In the data below, find the line that contains "8.0 Alpine Core Protect Dry Rope 30m" and the line that contains "Gracie - Bernese Mountain Dog". Copy both, plus every line between them, exactly.
━━━ EXERCISE INPUTS ━━━
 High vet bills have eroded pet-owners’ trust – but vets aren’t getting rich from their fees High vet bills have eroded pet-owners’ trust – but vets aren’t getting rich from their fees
━━━
━━━ EXERCISE INPUTS ━━━
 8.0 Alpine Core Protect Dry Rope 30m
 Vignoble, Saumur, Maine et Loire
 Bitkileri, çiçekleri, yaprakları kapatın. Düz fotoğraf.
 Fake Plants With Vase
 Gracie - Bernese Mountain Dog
━━━
━━━ EXERCISE INPUTS ━━━
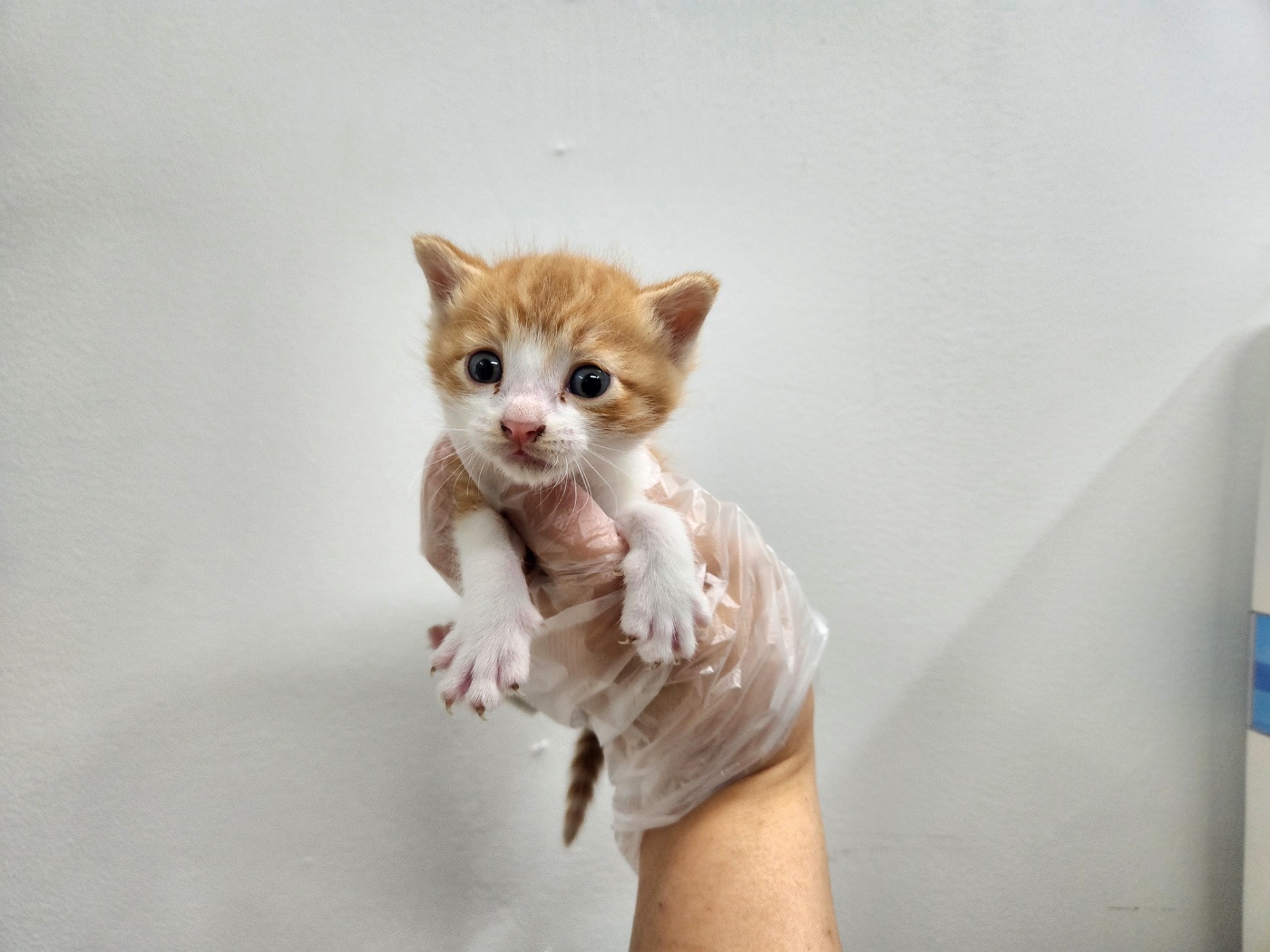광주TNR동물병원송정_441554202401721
━━━
**ANSWER SPACE**
 8.0 Alpine Core Protect Dry Rope 30m
 Vignoble, Saumur, Maine et Loire
 Bitkileri, çiçekleri, yaprakları kapatın. Düz fotoğraf.
 Fake Plants With Vase
 Gracie - Bernese Mountain Dog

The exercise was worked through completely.